Cost of Goods Sold and Gross Profit

Our products are manufactured to our specifications by contracted manufacturing plants.  We design our packaging in-house for manufacture by third parties. Packaging is shipped directly to contracted manufacturing plants. We directly source the hemp derived CBD oils used in our products from select suppliers to ensure product quality and traceability of the ingredient. CBD oils are shipped to our warehouse and forwarded to our contracted manufacturing partners as needed for production. Our contract manufacturers procure the raw food ingredients, manufacture, test and package our products.  Cost of goods sold consists primarily of the cost of product obtained from the contract manufacturing plants, packaging materials and CBD oils directly sourced by the Company, and freight for shipping product from our contract manufacturing plants to our warehouse. We review inventory on hand periodically to identify damages, slow moving inventory, and/or aged inventory. Based on the analysis, we record inventories on the lower of cost and net realizable value, with any reduction in value expensed as cost of goods sold.

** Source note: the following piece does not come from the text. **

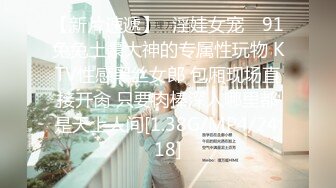 【新片速遞】✿淫娃女宠✿ 91兔兔土豪大神的专属性玩物 KTV性感黑丝女郎 包厢现场直接开肏 只要肉棒深入哪里都是天上人间[1.38G/MP4/24:18]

We calculate gross profit as net sales, including any shipping revenue collected from our customers, less cost of goods sold. Our gross profit has been and, we expect, will continue to be affected by a variety of factors, primarily product sales mix, volumes sold, discounts offered to our club members, discounts offered to newly acquired and recurring customers, the cost of our manufactured products, and the cost of freight from the manufacturer to our warehouse. Changes in cost of goods sold and gross profit may be driven by the volume and price of our sales, including the extent of discounts offered, variations in the cost of CBD and the price we pay for our manufactured products and variations in our freight costs.

Operating Expenses

Sales and marketing expenses include costs related to customer service and warehousing, merchant credit card fees, compensation for sales personnel, shipping costs, other costs related to the selling platform, as well as marketing, including paid media and content creation expenses.  Customer service and warehousing costs include the cost of our customer service department, including our in-house call center, and costs associated with warehouse operations, including but not limited to payroll, rent, and warehouse management systems. Marketing expenses consist primarily of Facebook and other media ads, other advertising and marketing costs, all geared towards acquiring new customers and building brand awareness. We expect selling expenses to continue to grow as we actively acquire new online customers and begin to build our wholesales channel.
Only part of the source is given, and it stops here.